First a little background information. Te Whare Tapere can be literally translated from Māori to English as ‘community hall’ and it can also be translated as ‘a house of entertainment’. As well as guest accommodation Te Whare Tapere were used for entertainment which could include kōrero pūrākau (storytelling), waiata (songs), haka (dance), taonga pūoro (musical instruments), karetao (puppetry) and tākaro (games). Te Whare Tapere also denotes the knowledge of these artistic disciplines.
This years Whare Tapere was held on Saturday 22nd February and is the fourth to be organised and held by Charles Royal at his family farm at Waimango, Firth of Thames and is a product of Charles’ extensive research on the topic. This years Whare Tapere had a focus on storytelling.
The day started with a visit from pupils of Te Kura Kaupapa Māori o Bernard Fergusson, Ngaruawahia. We started off with learning some tākaro (games) including rongomamau, which is a hand dexterity game and pōtaka which are spinning tops. I have been making pōtaka in the lead up to Whare Tapere and in the week leading up to the open day Kelly Kahukiwa, Eamon Nathan and I made two marae pōtaka (spinning top playing surfaces) which had plenty of use during the day.
Here are some of the pōtaka I have recently made.
Ki o Rahi was a very popular game too as was Hakariki.
In the afternoon we made a hikoi (walk) up to the Wahi Marumaru (shaded area) where three stories were told, Manu Mea and Ngarara, Hine Raukatauri and Tukumana Taiwiwi Te Taniwha.

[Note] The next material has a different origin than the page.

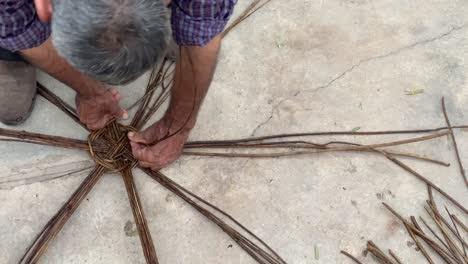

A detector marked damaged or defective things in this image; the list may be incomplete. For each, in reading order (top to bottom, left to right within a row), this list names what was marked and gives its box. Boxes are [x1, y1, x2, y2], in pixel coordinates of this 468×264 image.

crack in concrete [250, 24, 466, 136]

After that a karetao performance took place up on the hill with James Webster’s karetao (puppets) taking the spotlight. These were manipulated by James, Aroha Yates-Smith, Horomono Horo and Charles Royal while myself, Kelly and Elise Goodge hid in the forest and accompanied the performance with taonga pūoro.
The evenings entertainment was mostly musical with perfomances from Reo, The Makaurau Sessions and Ria Hall taking place on the motu (island).